The Central Command room at the Outpost was not large. Centi had built it practical—a long composite table, eight chairs, a wall-mounted tactical display that could pull feeds from any of the Outpost's seventeen internal sensors, and lighting that Arthur had specifically requested be warm rather than clinical because he spent enough time in rooms that felt like medical assessments. This morning it held everyone except the one who were somewhere else, and the absence of that one was the thing that made the room feel larger than it was.

He had asked them all to be here before the day shift started, and they were. Rapi sat with her hands folded on the table in front of her, her posture the particular kind of straight that meant she was working hard at composure. Nyx had her arms crossed and her chin tilted at an angle that could have been casual and wasn't. Lyra sat beside Nyx with her eyes on the tactical display, studying the sector maps that weren't the subject of this meeting. Anis had her elbows on the table and her fingers laced, and she was watching Arthur with the expression of someone who had already guessed the shape of what was coming and was reserving judgment. Alisa sat at the near end, quiet, her mechanical forearm resting on the tabletop with the blades retracted. Across from them: Flower and Ocean side by side as always, Miranda with a data pad she wasn't consulting, V with her katana resting against her chair back and her eyes tracking the room with the steady habitual awareness of someone who'd been trained to notice when things shifted. Voltia sat at the far corner and was very still, her hands in her lap, the faint crackle of static that accompanied her when she was at rest just audible under the ambient hum of the ventilation.

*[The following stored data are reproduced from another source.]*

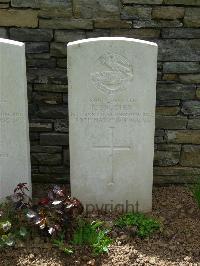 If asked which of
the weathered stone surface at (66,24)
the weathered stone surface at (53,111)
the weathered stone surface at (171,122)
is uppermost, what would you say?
the weathered stone surface at (66,24)

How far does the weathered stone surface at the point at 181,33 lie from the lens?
12.3ft

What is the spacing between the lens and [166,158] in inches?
166

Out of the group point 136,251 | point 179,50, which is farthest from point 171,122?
point 136,251

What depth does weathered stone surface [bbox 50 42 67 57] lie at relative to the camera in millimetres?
Answer: 3821

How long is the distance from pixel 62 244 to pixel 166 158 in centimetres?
139

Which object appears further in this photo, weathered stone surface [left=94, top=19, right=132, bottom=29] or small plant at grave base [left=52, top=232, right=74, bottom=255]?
weathered stone surface [left=94, top=19, right=132, bottom=29]

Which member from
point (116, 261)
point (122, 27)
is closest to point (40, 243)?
point (116, 261)

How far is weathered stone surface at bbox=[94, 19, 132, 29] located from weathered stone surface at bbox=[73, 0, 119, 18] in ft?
0.14

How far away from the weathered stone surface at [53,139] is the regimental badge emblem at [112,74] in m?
0.87

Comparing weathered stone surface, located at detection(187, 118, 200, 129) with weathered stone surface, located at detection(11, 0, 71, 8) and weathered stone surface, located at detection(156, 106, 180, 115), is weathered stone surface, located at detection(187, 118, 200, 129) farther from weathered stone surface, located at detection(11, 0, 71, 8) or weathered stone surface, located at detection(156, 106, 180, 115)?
weathered stone surface, located at detection(11, 0, 71, 8)

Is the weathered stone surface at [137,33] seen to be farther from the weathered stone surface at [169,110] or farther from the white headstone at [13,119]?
the white headstone at [13,119]

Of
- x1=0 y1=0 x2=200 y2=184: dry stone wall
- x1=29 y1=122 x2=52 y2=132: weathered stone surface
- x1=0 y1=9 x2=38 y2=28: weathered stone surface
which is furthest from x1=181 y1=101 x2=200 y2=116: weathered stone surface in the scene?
x1=0 y1=9 x2=38 y2=28: weathered stone surface

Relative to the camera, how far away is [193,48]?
380 cm

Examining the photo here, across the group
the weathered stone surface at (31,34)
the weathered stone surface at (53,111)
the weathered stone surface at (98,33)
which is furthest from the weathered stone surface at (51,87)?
the weathered stone surface at (98,33)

"Scarlet is in stasis," Arthur said, without preamble, because these were not people who benefited from a long approach. "Ingrid's team has her. They're working on treatment, and they're doing it without touching her memories. That's not a compromise. That's the objective. She comes back whole or she doesn't come back on my authorization." A pause. "That is not up for discussion this morning. What is up for discussion is the fact that the Monarks do not stand down indefinitely because one of us is out of commission. That's not how this works."

No one said anything.

"Alpha needs a second. Without Scarlet, that structure doesn't exist, and I'm not running a team in the field without someone beside me who can make calls if I'm down or separated." He looked at Rapi. "I'm moving you to Alpha. Temporary reassignment until Scarlet is cleared to return. You'll operate as my second-in-command on Alpha team for the duration."

Rapi held his gaze for a moment, then gave a single, deliberate nod. Nothing theatrical about it. "Understood."

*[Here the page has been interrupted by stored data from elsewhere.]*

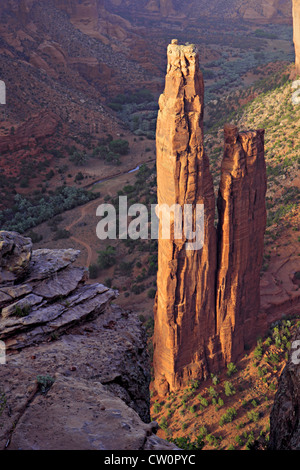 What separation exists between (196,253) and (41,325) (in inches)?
417

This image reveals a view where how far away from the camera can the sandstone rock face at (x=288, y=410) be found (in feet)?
29.8

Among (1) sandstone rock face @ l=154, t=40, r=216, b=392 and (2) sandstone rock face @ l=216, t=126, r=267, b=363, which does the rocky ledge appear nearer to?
(1) sandstone rock face @ l=154, t=40, r=216, b=392

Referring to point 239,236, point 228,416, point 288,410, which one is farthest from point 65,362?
point 239,236

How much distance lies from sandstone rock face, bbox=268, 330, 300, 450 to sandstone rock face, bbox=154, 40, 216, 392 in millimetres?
9767

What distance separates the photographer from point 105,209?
4806 cm

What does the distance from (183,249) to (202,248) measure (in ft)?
3.31

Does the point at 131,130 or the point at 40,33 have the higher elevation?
the point at 40,33

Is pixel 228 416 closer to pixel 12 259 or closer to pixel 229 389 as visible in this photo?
pixel 229 389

"Bravo needs the same structure. Miranda takes second-in-command of Bravo." He glanced at Miranda, who received this with the equanimity of someone who had anticipated it and had already adjusted. "And with Rapi's slot opening, Voltia moves from probationary to full Bravo assignment. That evens the compositions."

Voltia's head came up slightly. The static around her hands shifted in register, a brief electric flutter, and she pressed them flat against her thighs. "Yes, sir."

"Any questions about the restructure?"

Anis uncrossed and recrossed her fingers. She was looking at the table surface, and then she looked at Rapi, and then she looked at the space near Arthur's right shoulder where the pinned sleeve hung. The sequence happened in about four seconds and Arthur watched it without interrupting it.

"No," Anis said at last. "No questions."

But her voice had a texture to it that said she was doing the same arithmetic he had done in the corridor last night, and arriving at similar conclusions about what the numbers cost. Rapi back on Alpha. Good. Rapi on Alpha because Scarlet was not. Less good. The satisfaction of the first fact did nothing to clean the edges off the second. He understood that. He let it stand.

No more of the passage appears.